5. A placed-based approach

  • We are keen to work with the Government to improve join-up across asylum and resettlement programmes in a way that recognises cumulative impacts on councils. Each programme is led by different government departments and has a range of different funding, data, engagement, and support and accommodation requirements, even if individuals have similar needs for local services. Although the Government has agreed to work towards a more placed-based approach to asylum and resettlement, a siloed approach to programmes often results in a range of schemes being concentrated in specific locations. We are keen to see a cross-system approach, underpinned by regular strategic level engagement between relevant Ministers and local government leadership across the UK, on both the current issues flagged above and on longer-term political sensitive issues, such as access to employment and housing. 
  • Given wider housing pressures, asylum and resettlement also affects all councils’ capacity to source accommodation both for new arrivals and for all those in housing need in their local area. Having access secure and permanent housing is key to enabling those seeking asylum to properly integrate and feel settled.
  • We have suggested joint work across local and central government to explore how to increase the supply of sufficient and appropriate accommodation for all groups of new arrivals, both given current housing pressures and in the context of the proposed consultation on reforms to social housing allocations. This approach to increasing housing supply should build on learning from the Local Authority Housing Fund (LAHF) which has enabled councils to increase their social housing stock to accommodate Afghans, Ukrainians and the wider homelessness population. Further information on accommodation pressures for Ukrainian and Afghan arrivals and on solutions to wider current housing pressures are given below. 
  • In the longer term, given the current challenges with providers and as part of their 10-year review of asylum accommodation, the Home Office are considering different approaches to the provision of asylum accommodation and support. [Investigation into asylum accommodation - NAO report] Currently, contracts with their four providers are in place until August 2029 with a potential break clause in 2026. 
  • If councils were funded to play a more active role in both sourcing and increasing accommodation supply, this would need to be subject to some key principles including: sufficient and sustainable funding and incentives; the need for participation to remain voluntary; any risks to be agreed and mitigated; and for any new accommodation to form part of regional plans.

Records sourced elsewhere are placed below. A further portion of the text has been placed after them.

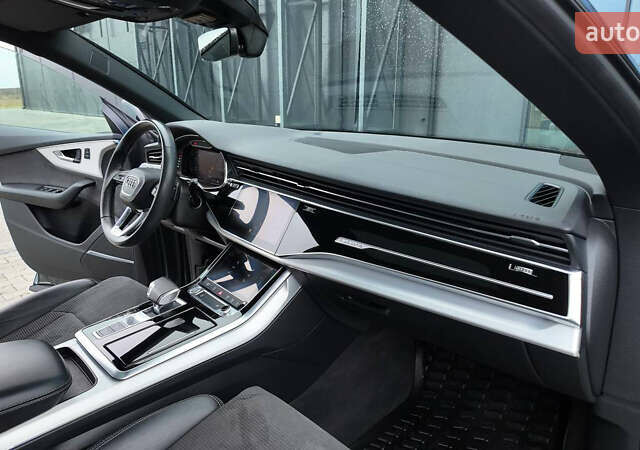 Серый Ауди Q8, объемом двигателя 2.97 л и пробегом 128 тыс. км за 66900 $, фото 62 на Automoto.ua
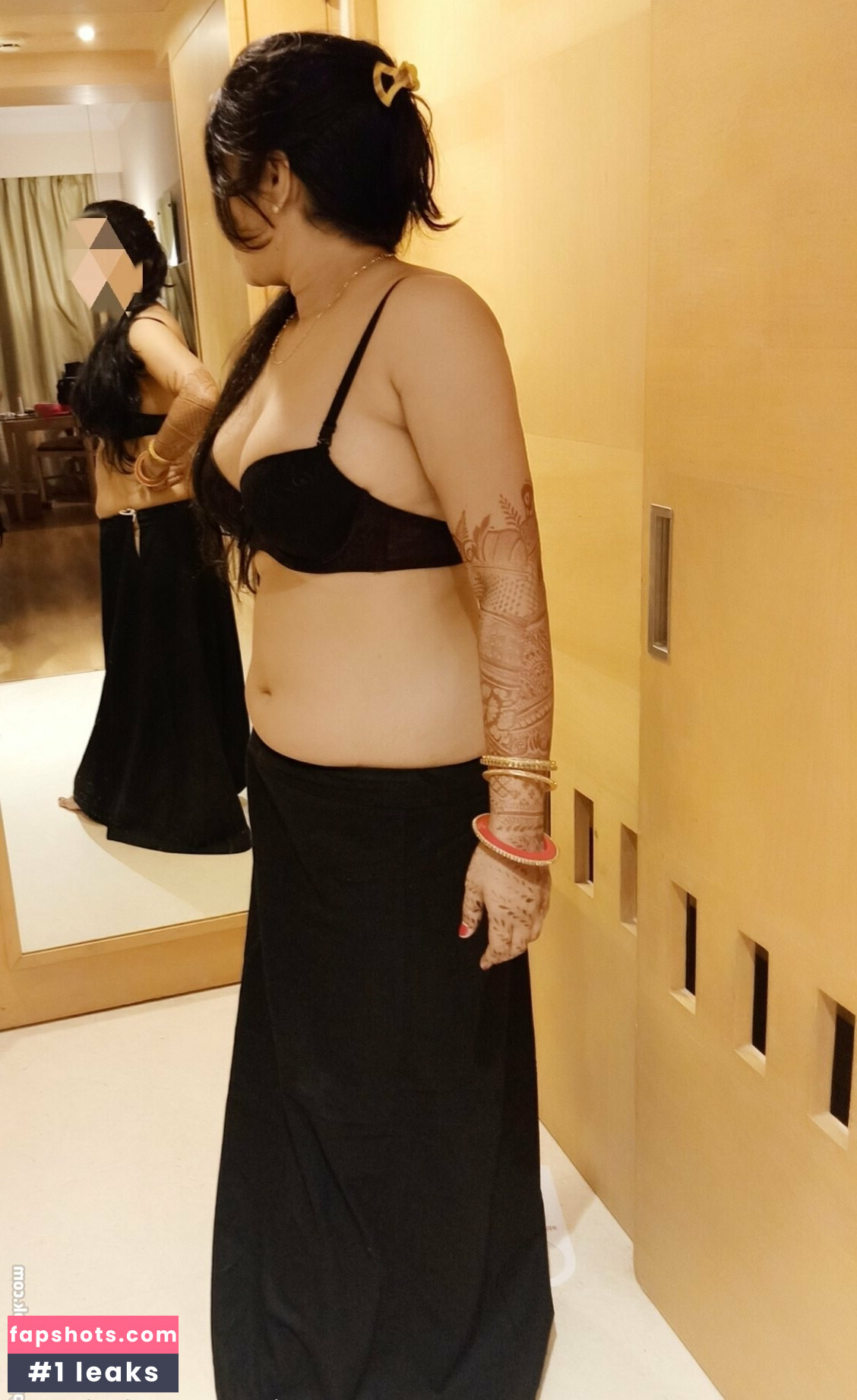 Desihotwife nude babe gallery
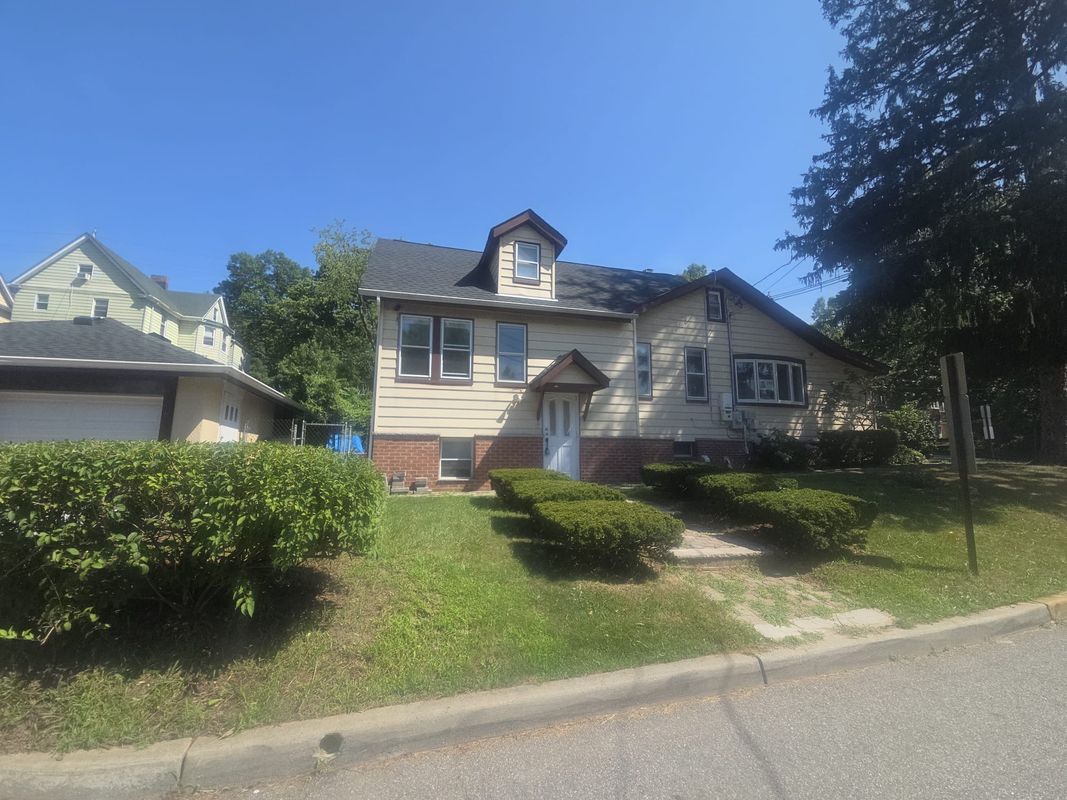 101 Maple St – photo 1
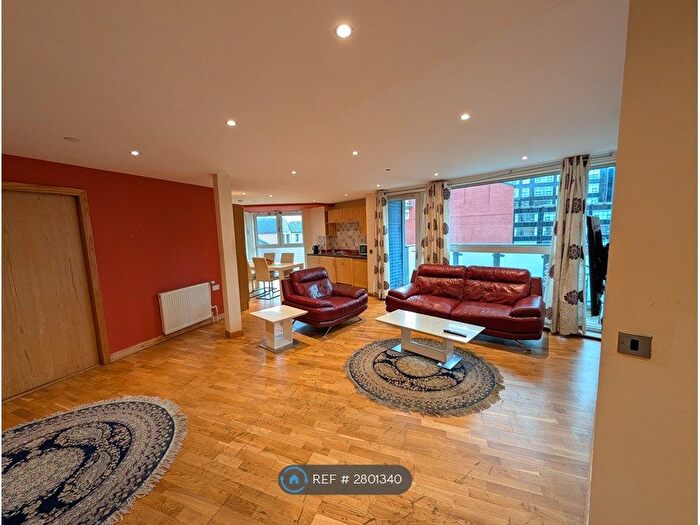 3 Bedroom Flat To Rent In Ingram Street, Glasgow, G1
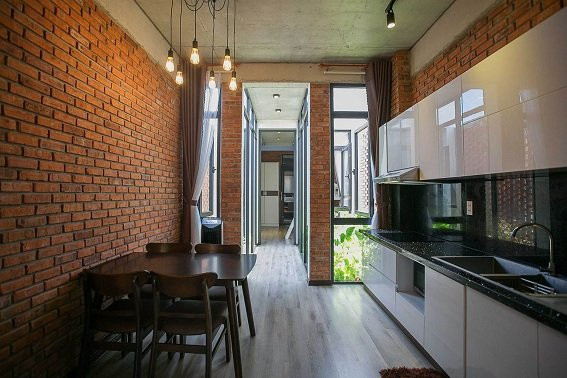 'Ngả mũ' trước kiến trúc sư biến mảnh đất xấu xí thành căn nhà đẹp như mơ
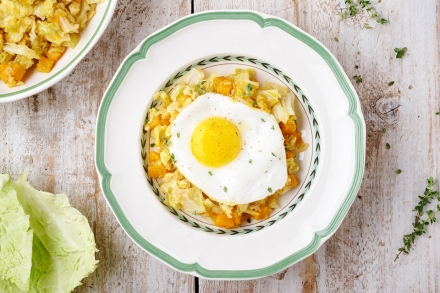 Ricetta Zucca e verza in padella con uovo al tegamino - Cucchiaio d'Argento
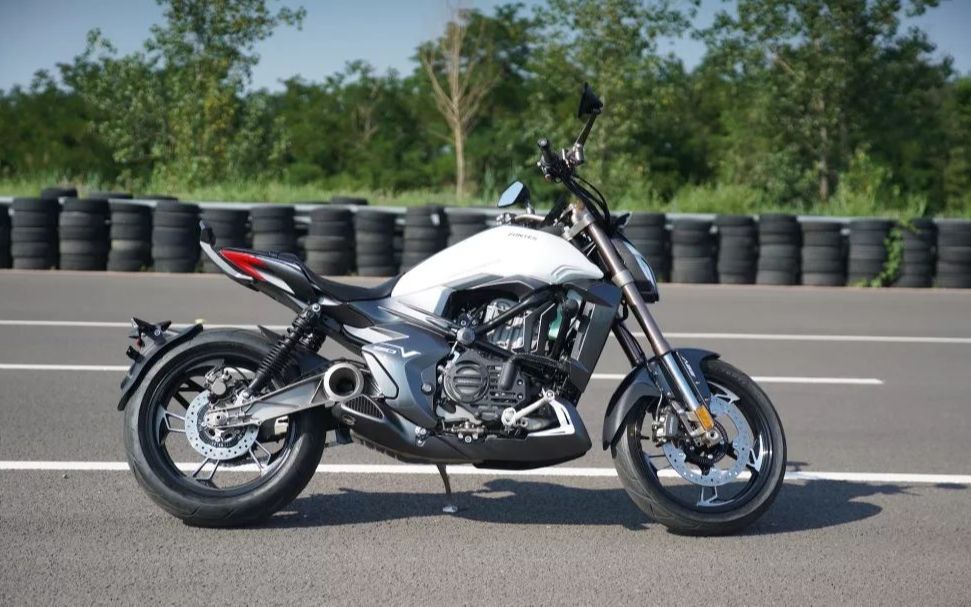 云骑行新手第一次摩友聊天我要买辆adv新车求推荐升仕310v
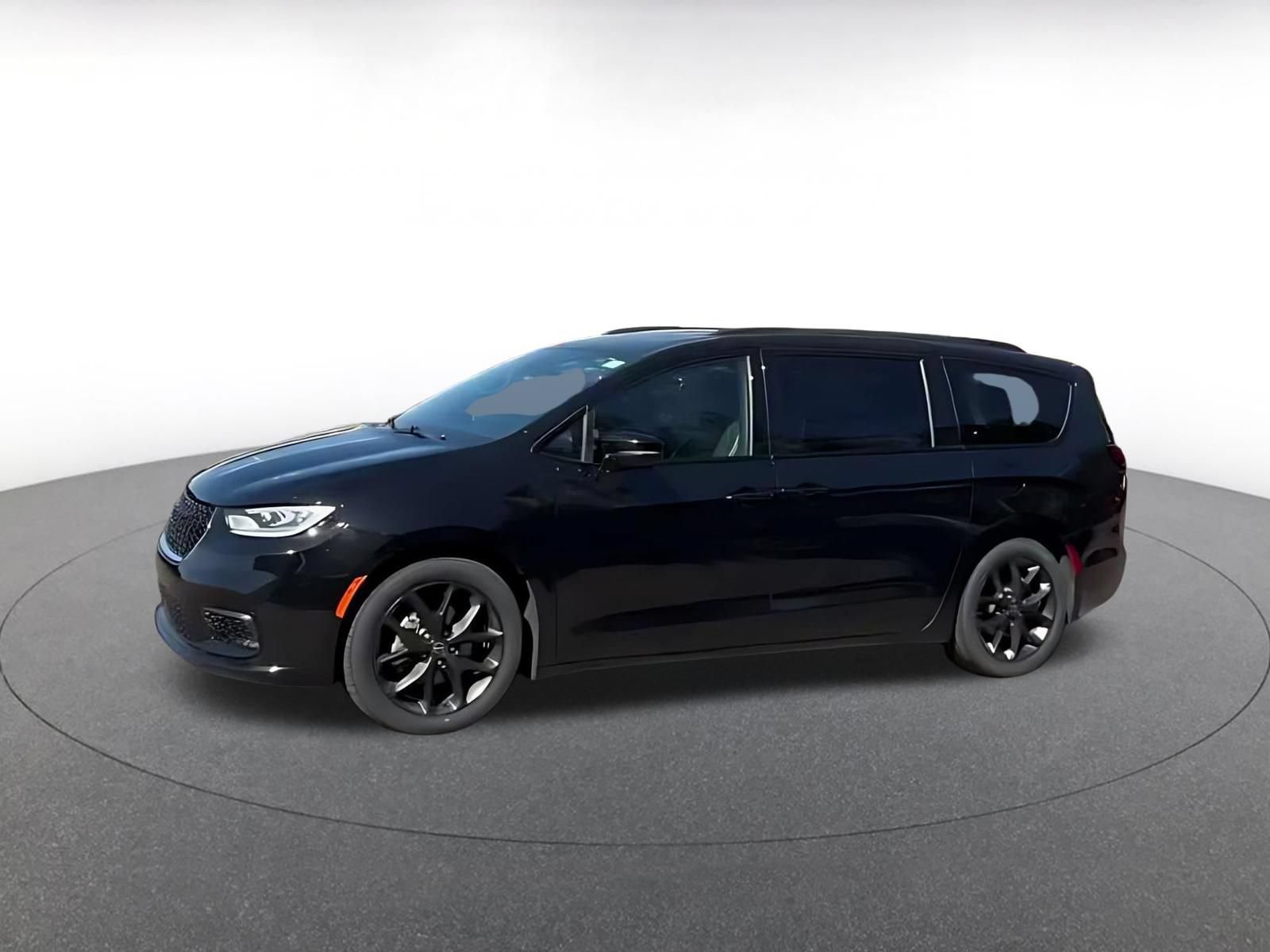Used 2025 Chrysler Pacifica Limited FWD image 7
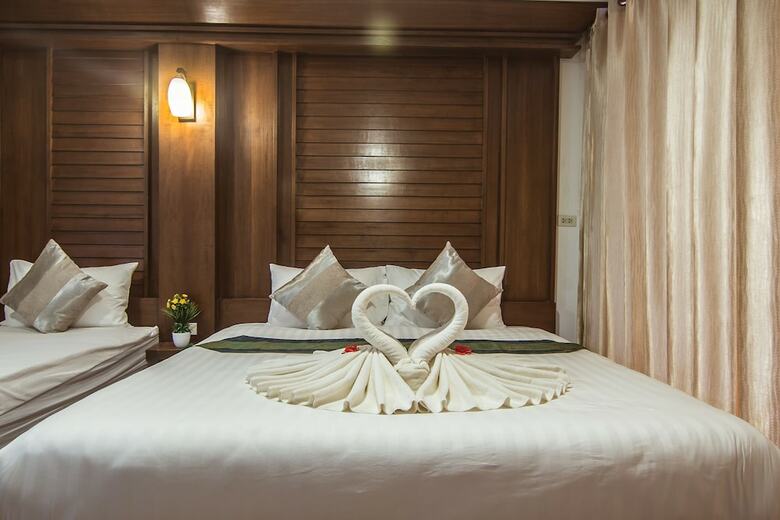 Hotel Lanta Nice Beach House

6. LGA asks on housing and homelessness pressures

  • Building more genuinely affordable homes remains the best way to help families and individuals meet housing costs, provide homes to rent, reduce homelessness and tackle council housing waiting lists in the long term. The Government must urgently implement our six-point plan to give councils the powers.
  • We are disappointed that the Spring Budget provided no support to address the spiralling cost of temporary accommodation. Councils are spending more than £1.74 billion supporting 104,000 households in temporary accommodation, both the highest figures since records began. The restoration of Local Housing Allowance rates to the 30th percentile of market rents from April 2024, announced at Autumn Statement 2023, is a welcome step. However, it is disappointing that the Government has not taken the opportunity to uprate the subsidy for claims in respect of people living in temporary accommodation which remains capped at 90 per cent of January 2011 rates.